Dum recalls the polarity he witnessed within the community between those who were concerned over the residents’ well-being and those who simply didn’t care. While the motel did close down because of code violations, Dum cites a deeper issue.
“What people at the motel saw was a society that didn’t care enough about them to make sure that they get it right,” Dum said.

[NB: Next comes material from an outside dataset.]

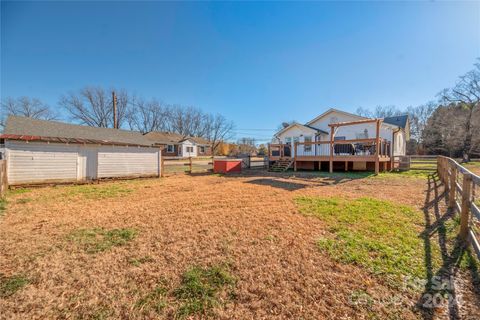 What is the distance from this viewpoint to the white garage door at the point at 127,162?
35.4 feet

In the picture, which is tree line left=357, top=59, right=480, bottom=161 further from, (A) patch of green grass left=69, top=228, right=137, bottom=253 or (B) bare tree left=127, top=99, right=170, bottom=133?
(B) bare tree left=127, top=99, right=170, bottom=133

Aside from documenting the daily lives of his subjects, Dum also touched on suggestions to improve and make policy changes to address the issues that make people have to move into motels in the first place. Dum hopes “Exiled in America” will encourage readers to step out of their comfort zones to engage those who might be different from them.
“There are a lot of people in the book who I met who were really caring and really tried to help those around them,” Dum said. “I would just hope that if someone picked up this book, they would give it chance, and when I say ‘give it a chance’ I really mean give the people in the book a chance to show who they are.”
Dum also shared his experiences with Marketplace.